Feds Order Work to Stop on Mountain Valley Pipeline

Pipeline awaits construction.

Federal regulators have ordered all construction of the Mountain Valley Pipeline to temporarily cease.

In a letter sent Friday, Aug. 3, by the Federal Energy Regulatory Commission (FERC) to pipeline officials, the agency ordered construction to stop across the pipeline’s entire 303-mile route.

“MVP is hereby notified that construction activity along all portions of the Project and in all work areas must cease immediately, with the exception of any measures deemed necessary by those land managing agencies or FERC staff to ensure the stabilization of the right of way and work areas,” the letter stated.


Federal officials said the stop work order follows a decision last week by the 4th U.S. Circuit Court of Appeals that invalidated approvals for pipeline construction in Jefferson National Forest.

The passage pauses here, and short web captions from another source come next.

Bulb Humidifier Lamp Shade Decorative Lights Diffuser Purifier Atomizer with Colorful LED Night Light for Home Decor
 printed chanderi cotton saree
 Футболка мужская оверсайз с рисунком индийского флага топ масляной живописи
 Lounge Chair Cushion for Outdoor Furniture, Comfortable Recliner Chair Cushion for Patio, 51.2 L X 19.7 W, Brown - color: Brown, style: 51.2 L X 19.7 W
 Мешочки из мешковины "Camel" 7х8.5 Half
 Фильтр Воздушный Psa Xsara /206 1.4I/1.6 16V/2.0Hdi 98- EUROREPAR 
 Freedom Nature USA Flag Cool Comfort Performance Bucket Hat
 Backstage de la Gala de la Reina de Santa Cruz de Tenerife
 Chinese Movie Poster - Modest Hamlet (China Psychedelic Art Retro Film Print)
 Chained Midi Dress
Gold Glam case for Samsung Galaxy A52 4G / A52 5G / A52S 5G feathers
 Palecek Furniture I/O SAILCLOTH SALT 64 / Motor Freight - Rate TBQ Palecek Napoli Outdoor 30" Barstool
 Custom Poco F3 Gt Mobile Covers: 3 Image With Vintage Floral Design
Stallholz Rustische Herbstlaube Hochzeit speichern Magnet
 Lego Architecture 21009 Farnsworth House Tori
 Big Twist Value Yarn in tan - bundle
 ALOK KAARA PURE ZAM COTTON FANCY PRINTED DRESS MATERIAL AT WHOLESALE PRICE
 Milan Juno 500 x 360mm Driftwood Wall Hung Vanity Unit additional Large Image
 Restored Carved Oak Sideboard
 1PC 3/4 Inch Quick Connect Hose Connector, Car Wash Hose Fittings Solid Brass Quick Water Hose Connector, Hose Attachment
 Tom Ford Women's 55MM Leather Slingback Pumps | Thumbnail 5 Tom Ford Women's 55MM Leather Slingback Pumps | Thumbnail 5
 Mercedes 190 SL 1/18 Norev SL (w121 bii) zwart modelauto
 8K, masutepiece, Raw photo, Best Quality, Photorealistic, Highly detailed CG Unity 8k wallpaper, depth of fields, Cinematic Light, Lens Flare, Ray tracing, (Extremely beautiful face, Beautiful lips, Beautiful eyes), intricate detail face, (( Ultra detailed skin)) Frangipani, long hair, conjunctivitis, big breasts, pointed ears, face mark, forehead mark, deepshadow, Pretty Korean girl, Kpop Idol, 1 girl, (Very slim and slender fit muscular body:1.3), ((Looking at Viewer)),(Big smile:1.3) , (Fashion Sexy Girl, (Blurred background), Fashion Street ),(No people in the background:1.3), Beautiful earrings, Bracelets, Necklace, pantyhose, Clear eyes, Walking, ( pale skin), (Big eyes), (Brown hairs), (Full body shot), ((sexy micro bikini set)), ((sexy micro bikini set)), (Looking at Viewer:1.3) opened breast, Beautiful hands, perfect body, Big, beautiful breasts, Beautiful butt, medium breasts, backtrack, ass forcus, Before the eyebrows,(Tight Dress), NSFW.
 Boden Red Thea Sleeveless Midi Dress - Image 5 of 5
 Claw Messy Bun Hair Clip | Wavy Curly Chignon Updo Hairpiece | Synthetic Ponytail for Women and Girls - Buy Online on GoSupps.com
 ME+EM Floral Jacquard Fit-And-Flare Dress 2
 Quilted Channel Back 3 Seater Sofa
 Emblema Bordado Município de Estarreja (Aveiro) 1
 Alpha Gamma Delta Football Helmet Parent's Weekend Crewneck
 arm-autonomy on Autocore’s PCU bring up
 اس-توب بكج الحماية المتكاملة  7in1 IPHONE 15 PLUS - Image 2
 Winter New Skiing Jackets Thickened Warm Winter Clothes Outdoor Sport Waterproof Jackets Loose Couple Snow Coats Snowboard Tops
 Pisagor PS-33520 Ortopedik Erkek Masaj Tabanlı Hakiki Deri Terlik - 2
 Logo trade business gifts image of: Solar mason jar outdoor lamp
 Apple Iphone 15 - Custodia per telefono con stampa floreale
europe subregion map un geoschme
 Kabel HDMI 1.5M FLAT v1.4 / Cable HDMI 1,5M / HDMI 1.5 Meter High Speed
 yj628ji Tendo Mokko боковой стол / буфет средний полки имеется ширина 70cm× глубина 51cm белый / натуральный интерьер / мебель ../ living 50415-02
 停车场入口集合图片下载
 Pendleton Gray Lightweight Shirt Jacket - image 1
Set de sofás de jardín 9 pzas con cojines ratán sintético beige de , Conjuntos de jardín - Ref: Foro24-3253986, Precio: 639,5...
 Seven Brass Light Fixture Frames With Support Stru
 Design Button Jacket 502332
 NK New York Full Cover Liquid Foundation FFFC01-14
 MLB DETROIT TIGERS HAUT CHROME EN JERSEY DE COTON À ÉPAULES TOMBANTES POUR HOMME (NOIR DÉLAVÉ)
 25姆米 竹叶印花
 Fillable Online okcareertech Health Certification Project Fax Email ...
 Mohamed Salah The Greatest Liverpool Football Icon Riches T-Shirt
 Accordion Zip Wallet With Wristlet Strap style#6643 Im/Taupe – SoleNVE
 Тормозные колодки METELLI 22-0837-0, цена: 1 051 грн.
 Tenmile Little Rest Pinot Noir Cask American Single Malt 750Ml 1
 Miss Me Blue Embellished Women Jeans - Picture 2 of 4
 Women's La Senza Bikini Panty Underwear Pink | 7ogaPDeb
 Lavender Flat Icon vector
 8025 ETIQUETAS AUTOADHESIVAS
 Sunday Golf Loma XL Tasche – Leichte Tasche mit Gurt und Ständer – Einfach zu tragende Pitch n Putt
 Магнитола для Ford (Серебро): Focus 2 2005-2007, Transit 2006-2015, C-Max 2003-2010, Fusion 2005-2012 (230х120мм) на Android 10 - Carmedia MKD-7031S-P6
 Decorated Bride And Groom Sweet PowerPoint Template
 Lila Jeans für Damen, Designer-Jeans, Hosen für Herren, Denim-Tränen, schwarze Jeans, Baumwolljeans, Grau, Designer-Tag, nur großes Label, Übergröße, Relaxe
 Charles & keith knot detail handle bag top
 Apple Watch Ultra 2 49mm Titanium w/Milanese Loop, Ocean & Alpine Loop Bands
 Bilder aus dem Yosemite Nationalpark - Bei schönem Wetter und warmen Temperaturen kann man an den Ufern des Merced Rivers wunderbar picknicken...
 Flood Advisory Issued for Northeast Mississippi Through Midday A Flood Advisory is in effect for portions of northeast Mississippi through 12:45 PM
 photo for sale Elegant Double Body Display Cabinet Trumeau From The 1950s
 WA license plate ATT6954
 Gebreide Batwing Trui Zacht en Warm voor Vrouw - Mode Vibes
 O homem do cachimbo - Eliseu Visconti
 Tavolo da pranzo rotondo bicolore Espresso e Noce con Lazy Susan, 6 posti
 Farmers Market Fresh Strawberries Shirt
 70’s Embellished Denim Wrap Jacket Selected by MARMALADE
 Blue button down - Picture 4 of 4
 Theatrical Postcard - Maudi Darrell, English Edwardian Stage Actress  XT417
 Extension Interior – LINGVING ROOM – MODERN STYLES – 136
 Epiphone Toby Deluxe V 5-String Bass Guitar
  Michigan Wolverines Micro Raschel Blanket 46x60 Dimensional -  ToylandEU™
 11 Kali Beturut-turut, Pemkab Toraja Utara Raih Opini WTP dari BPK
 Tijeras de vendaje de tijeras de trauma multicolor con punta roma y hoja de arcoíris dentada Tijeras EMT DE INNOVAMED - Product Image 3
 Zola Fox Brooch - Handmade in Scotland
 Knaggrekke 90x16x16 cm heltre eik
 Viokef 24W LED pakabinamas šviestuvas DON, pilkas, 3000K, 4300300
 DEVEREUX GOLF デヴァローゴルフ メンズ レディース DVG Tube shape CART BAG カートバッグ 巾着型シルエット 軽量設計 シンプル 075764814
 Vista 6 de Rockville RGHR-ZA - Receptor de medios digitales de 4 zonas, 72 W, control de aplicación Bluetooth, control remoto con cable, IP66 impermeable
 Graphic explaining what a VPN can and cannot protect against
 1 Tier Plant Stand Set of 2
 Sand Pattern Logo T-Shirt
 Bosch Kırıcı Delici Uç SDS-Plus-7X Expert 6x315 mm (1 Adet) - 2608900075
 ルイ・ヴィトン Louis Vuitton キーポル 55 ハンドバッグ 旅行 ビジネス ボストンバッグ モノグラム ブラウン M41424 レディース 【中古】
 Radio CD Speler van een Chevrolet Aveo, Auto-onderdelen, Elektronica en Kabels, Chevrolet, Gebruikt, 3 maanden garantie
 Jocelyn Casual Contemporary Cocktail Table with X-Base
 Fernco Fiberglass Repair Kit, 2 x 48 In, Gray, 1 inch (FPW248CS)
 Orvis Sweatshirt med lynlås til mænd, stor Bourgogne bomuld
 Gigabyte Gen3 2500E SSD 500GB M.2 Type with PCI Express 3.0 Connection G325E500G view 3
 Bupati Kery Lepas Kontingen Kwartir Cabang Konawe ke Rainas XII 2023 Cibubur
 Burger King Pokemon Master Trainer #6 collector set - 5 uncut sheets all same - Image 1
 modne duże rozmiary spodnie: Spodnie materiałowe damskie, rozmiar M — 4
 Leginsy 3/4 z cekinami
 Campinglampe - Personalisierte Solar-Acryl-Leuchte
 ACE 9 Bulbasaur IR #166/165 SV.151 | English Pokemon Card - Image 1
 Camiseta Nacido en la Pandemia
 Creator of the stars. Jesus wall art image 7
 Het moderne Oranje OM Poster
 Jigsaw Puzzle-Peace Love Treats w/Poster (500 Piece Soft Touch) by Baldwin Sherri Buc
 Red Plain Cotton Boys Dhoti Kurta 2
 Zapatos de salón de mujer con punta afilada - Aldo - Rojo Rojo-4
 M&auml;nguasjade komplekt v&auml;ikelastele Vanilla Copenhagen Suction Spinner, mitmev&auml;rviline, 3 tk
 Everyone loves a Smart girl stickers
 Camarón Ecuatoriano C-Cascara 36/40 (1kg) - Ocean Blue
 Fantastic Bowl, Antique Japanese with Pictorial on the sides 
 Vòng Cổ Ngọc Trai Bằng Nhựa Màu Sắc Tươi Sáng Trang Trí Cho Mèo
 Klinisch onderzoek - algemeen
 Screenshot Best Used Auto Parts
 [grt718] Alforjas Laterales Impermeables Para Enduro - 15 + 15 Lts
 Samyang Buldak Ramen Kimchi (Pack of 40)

The court’s ruling vacated federal permits granted by Bureau of Land Management and U.S. Forest Service that allowed the pipeline to be constructed through federal lands. Although the decision only affected 3.6 miles of the Mountain Valley Pipeline’s route, FERC told pipeline developers that until new permits are issued, all construction must stop.

The agency said it expects new federal permits to ultimately be issued, but noted it’s unclear how quickly that will happen and if the same route will be approved. Until then, only work necessary to stabilize any ongoing construction can continue.


Although the decision is temporary, environmental groups that oppose the pipeline cheered FERC’s decision.

Sierra Club senior attorney Nathan Matthews said in a statement the group was “relieved” that construction has been temporarily halted across the entire pipeline route.

“This order is a victory for everyone who values clean water and a wake-up call for those who think they can put profits over people,” he said. “There is no right way to build these dirty, dangerous fracked gas pipelines and we will continue to fight them until construction is stopped permanently.”

MVP spokeswoman Natalie Cox said in an emailed statement that the pipeline developers disagree with FERC’s decision to halt all pipeline construction. She said MVP is confident the BLM and Forest Service will be able to satisfy the court’s requirements laid out in its July 27 ruling.


“In addition, we are confident that the BLM has reached the correct conclusion regarding the impracticality of the MVP alternatives as initially reviewed and believe the BLM has the necessary information to supplement and enhance their rationale,” the statement said. “Given the fact that MVP has halted operations in the JNF, we respectfully disagree with the breadth of the August 3, 2018 stop work order. We will continue to work closely with all agencies to resolve these issues and look forward to continuing the safe construction of this important infrastructure project.”

This story was updated on 08/05 to correct the date of the U.S. 4th Circuit Court of Appeals most recent ruling.